**What is expected:**
Write out exactly the lines from the one that contains "Capable God|Judikay|Piano Lesson 🎹🎹🎹" down to the last line of the material below, keeping both ends and omitting pictures.

**The data:**

-- -- --

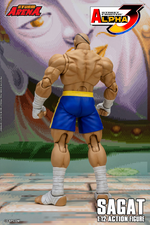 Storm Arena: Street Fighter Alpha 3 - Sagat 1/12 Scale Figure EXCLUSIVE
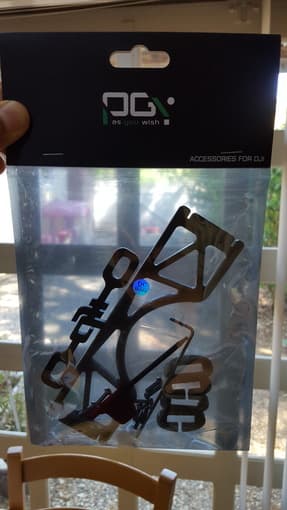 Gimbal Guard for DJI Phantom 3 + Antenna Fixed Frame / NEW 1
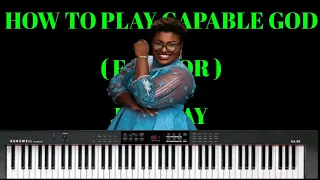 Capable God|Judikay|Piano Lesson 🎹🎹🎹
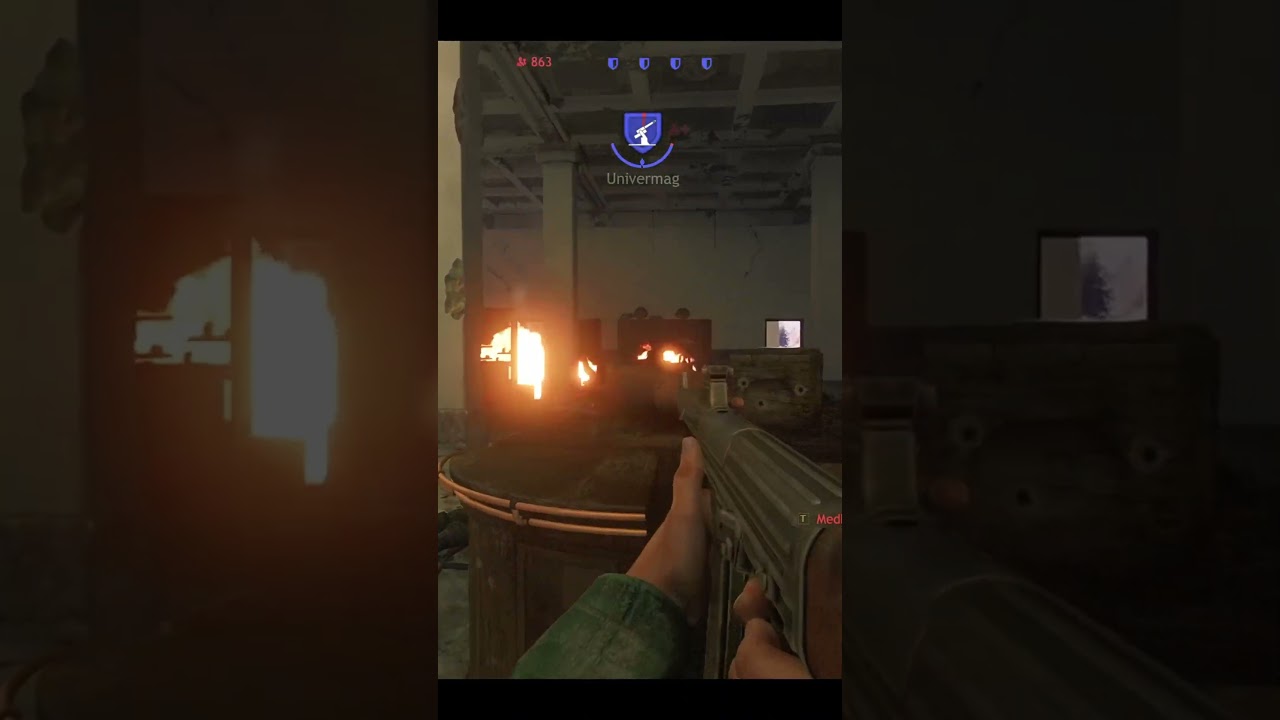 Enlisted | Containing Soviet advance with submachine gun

-- -- --

**Your response:**
 Capable God|Judikay|Piano Lesson 🎹🎹🎹
 Enlisted | Containing Soviet advance with submachine gun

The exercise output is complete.